A seal of quality on the works in Mexico
Pamela Hernández Chávez has been working at Techint E&C for almost ten years. Today she’s the Head of Quality at the Dos Bocas Refinery, one of the most emblematic projects in Mexico.
Pamela Hernández Chávez is a Civil Engineer with a degree from the Universidad Nacional Autónoma de México (UNAM). She joined Techint E&C in September 2012 as an intern, working in the office of the Director of Operations in Mexico, before being transferred to the Tamazunchale project at its outset, where she stayed until the mechanical completion stage.
Since then, Pamela has been involved in some of the company’s largest and most ambitious enterprises, such as the Pesqueria Power Plant, the Altamira Compression Station, and the Ternium Hot Rolling Mill. Today, she works as Head of Quality at the Dos Bocas Refinery, running Quality Management and checking compliance with a whole host of regulatory, customer, and internal Techint E&C requirements. One of her responsibilities is to identify and report on improvements in processes and tools, while another is about developing strategies to improve customer communications (PEMEX). When talking about her experience at Dos Bocas, she says that “It’s a really fast-moving project, as we have to do all the things we would usually complete in two or three years in just one. That means we have no leeway, as we have to do it right the first time—there’s no time to correct things or do them again.”

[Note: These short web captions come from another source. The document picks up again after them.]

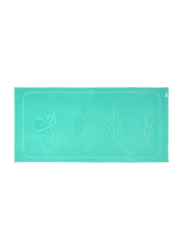 Anemoss Sailor Knot Beach Towel, Mint Green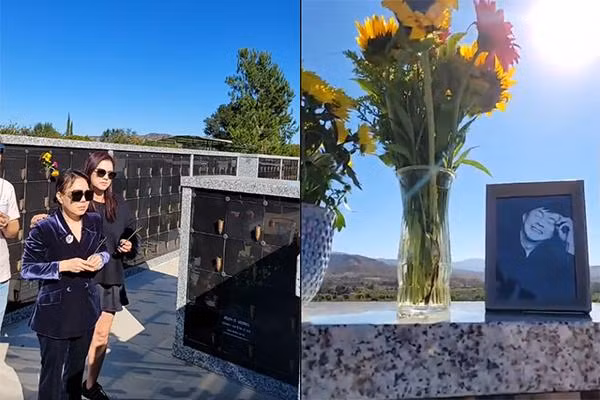 br/> Mới đây, Phương Loan cùng vợ chồng Việt Hương đã tới thăm mộ của cố nghệ sĩ Chí Tài sau khi Việt Hương đưa tro cốt của Phi Nhung về Mỹ trao tận tay con gái. Dù đã đưa nghệ sĩ Chí Tài ra sân bay khi anh qua đời ở Việt Nam vì đột quỵ nhưng do dịch bệnh nên mãi tới năm nay, Việt Hương mới có dịp ghé mộ của người anh danh hài.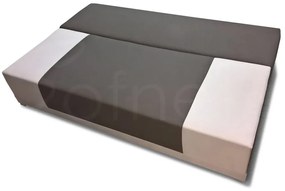 Canapea trei locuri Ibriso (albastru + portocaliu). 1042500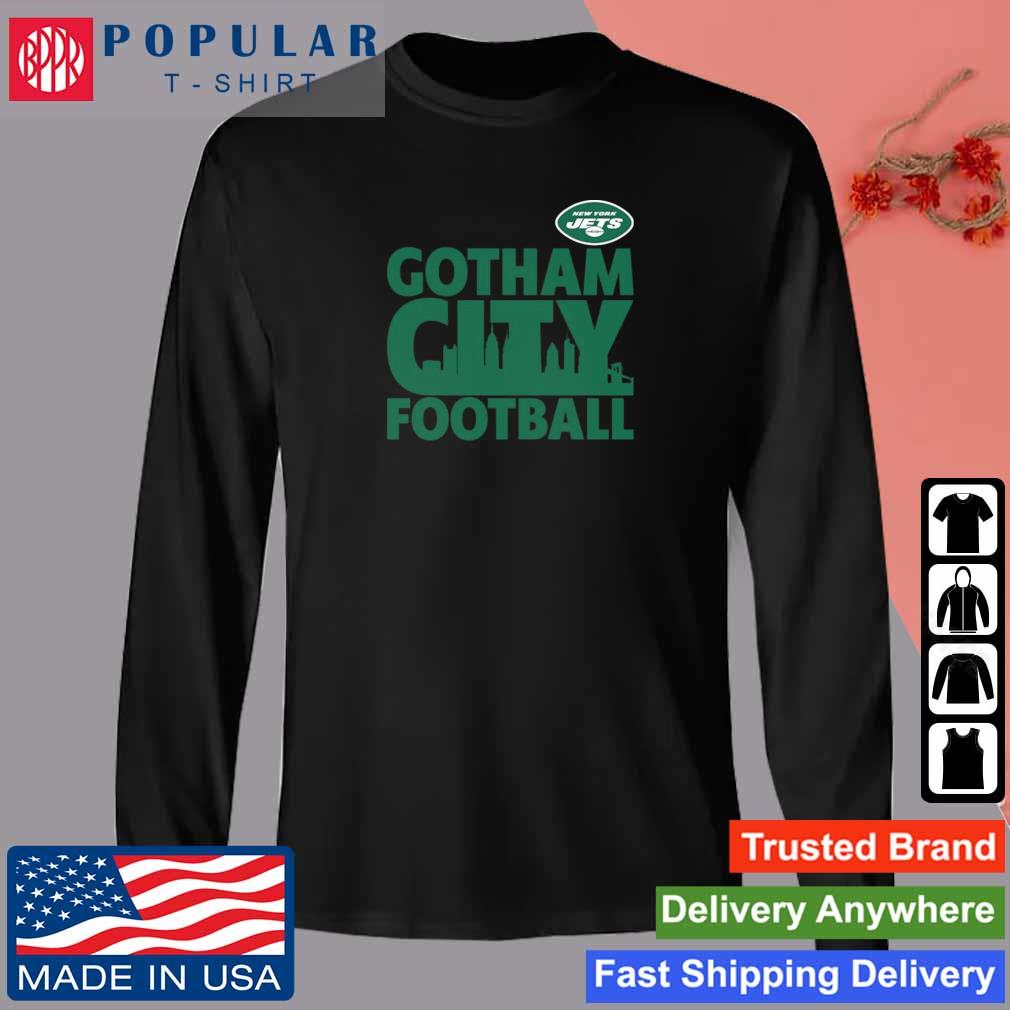 New York Jets Team Gotham City American Football Logo 2023 Shirt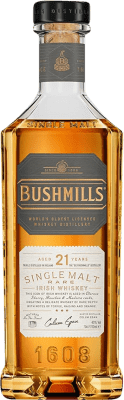 ウイスキーシングルモルト Bushmills 21 年 70 cl
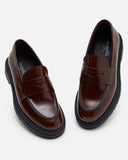 MOCASSINS GALILEA COGNAC - minelli.fr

Although Pamela enjoys her work, because she can get fully involved—and in some cases take reconciliation steps—in all project processes, she’s not only passionate about quality but also excited by innovation, as she finds it to be a critical aspect of her work. “I think it’s brilliant thinking on the part of the company to keep abreast of the latest tools on the market. I’m convinced that innovation is central to finding alternatives to help us improve the quality and range of our activities. And it’s also important, before applying any improvement, to ensure all the requisite verification is carried out to check that it effectively optimizes resources, times or processes.”

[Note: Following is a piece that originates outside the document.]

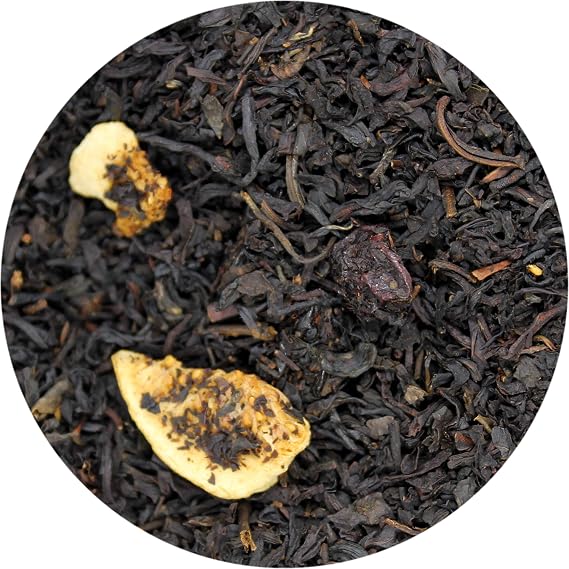 Acerola Cherry Fig Black SUPER FRUIT Tea Blend, 3 oz. Loose Leaf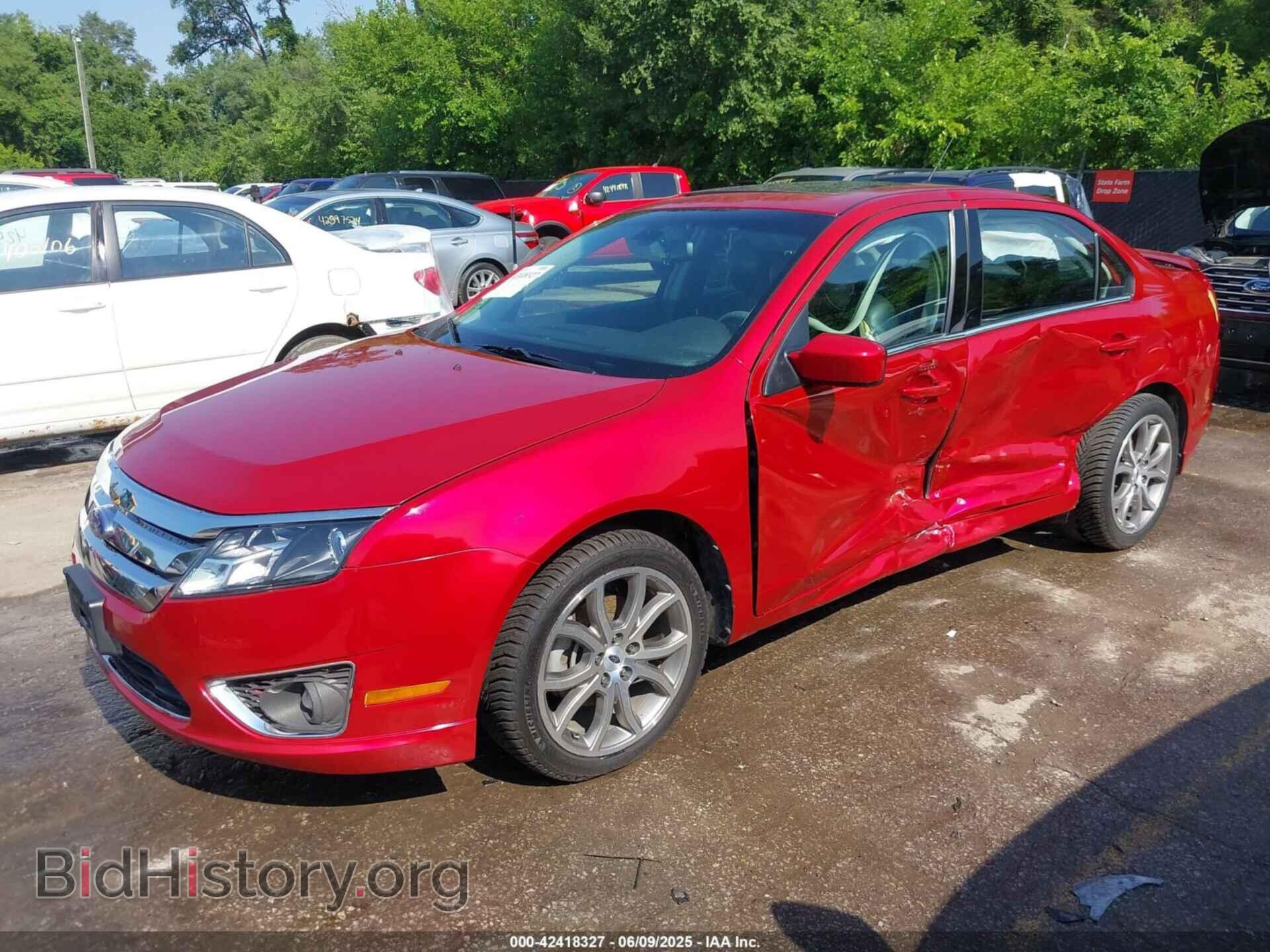 2012 FORD FUSION - VIN: 3FAHP0CG1CR269626 - Фото 2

At the LACA project, Pamela developed an application to upload deviations on SAP, which continued to be implemented and improved in Dos Bocas and currently is being developed as a corporate tool. “Before, if an inspector detected something was wrong, they wrote it down by hand then created a record once they were in front of their computer. Then someone else came along and looked at it, and only then was it uploaded into SAP. Today, when an inspector detects a deviation they simply upload it directly to SAP from an app on their mobile which radically cuts process times.”

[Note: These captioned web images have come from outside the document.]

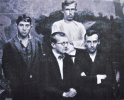 Групповой портрет (Слева направо: Соломон Гершов, Дмитрий Шостакович, Эраст Гарин, Борис Эрбштейн)
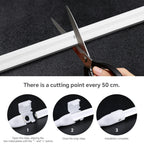 Super Bright 220V COB LED Strip Neon Lights 280LEDs/m Flexible Kitchen Lamp RA90 Waterproof LED Tape With EU Power Plug 1M-30M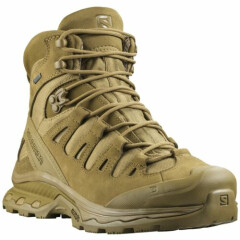 Salomon L40943300 Unisex Adult Quest 4D Forces Coyote Brown Tactical Boots Shoes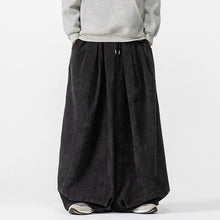 Load image into Gallery viewer, Corduroy Straight Wide-leg Harem Pants

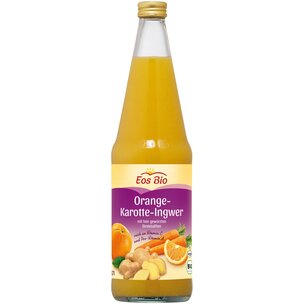 Bio Orange-Karotte-Ingwer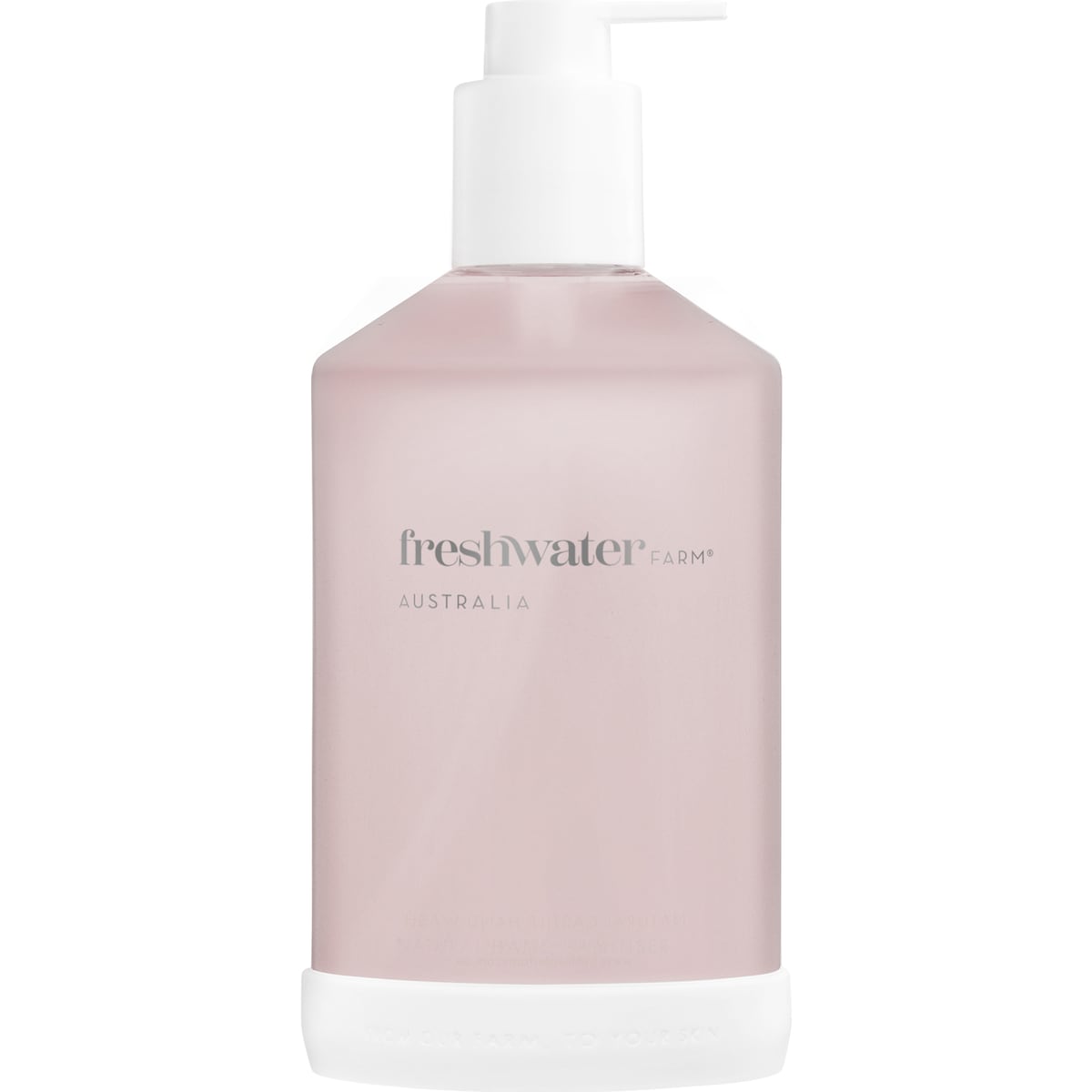 Freshwater Farm Australia Roswater & Pink Clay Hand Wash 500ml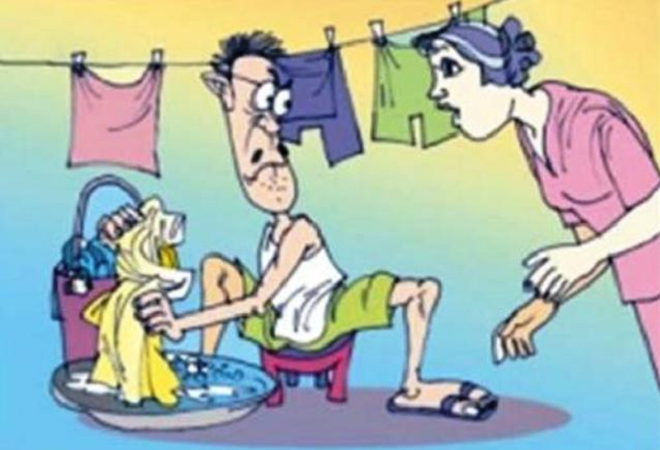 Sư cụ mới là người sợ vợ nhất ? - 1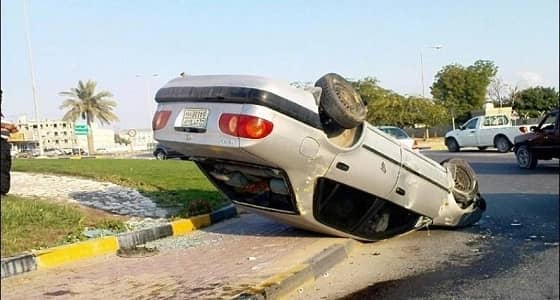 وفاة قائد مركبة إثر حادث إنقلاب بالطائف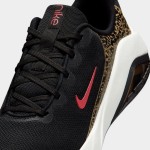 NIKE AIR ZOOM BELLA 7 PRINT WOMENS BLACK/FUSION-RED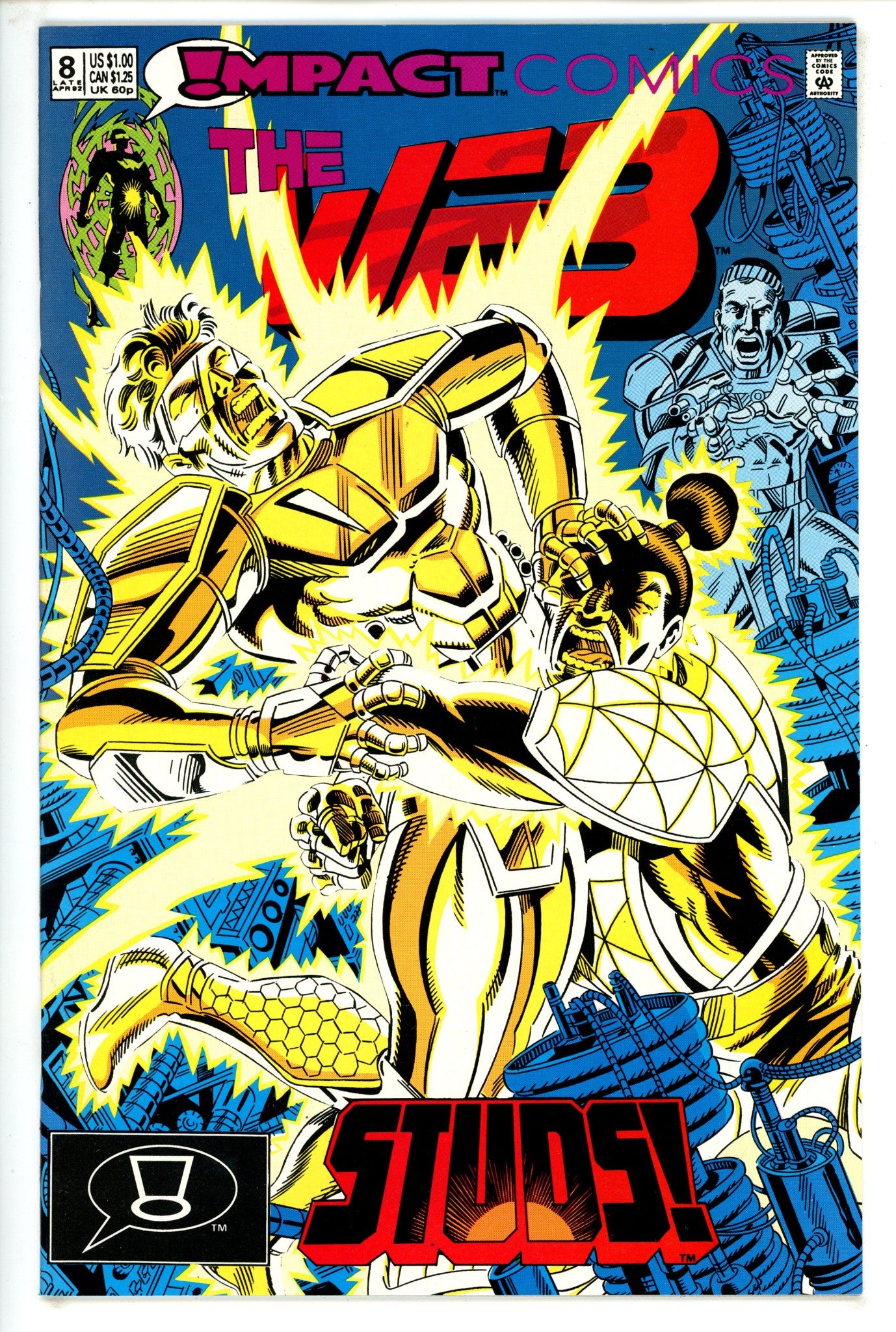 The Web 8 (1992)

“Working at Techint E&C keeps you on your toes, constantly adapting to change; you also need to be proactive and sure of yourself. Each project is different, so you’re always coming up against fresh challenges and new experiences, as working here is a daily learning process.”
When she graduated, she imagined herself building houses or roads near the city, with a defined workday and well-planned activities. Instead, she found herself working on the outskirts, on a shifting timetable that depends on where the project got to, subject to all kinds of activities that can arise immediately, out of the blue. This is what really inspires Pamela. “It’s great to see how the places where we work change, how they impact positively on society and people, and how the challenges that arise can be gradually solved. I really like being able to actively participate in these processes.”
Pamela is adamant that, "each stage is important, as learning and enjoying the processes and projects is essential for professional growth." She reflects, with a few words of advice, that, “Sometimes it’s quite hard to work as a team, especially when you get different leadership styles, which don’t let people get involved so much, reducing communication. It’s really important to involve everyone in the processes so that objectives are met and everybody can feel part of the results, whether good or bad. That’s the key to good teamwork.”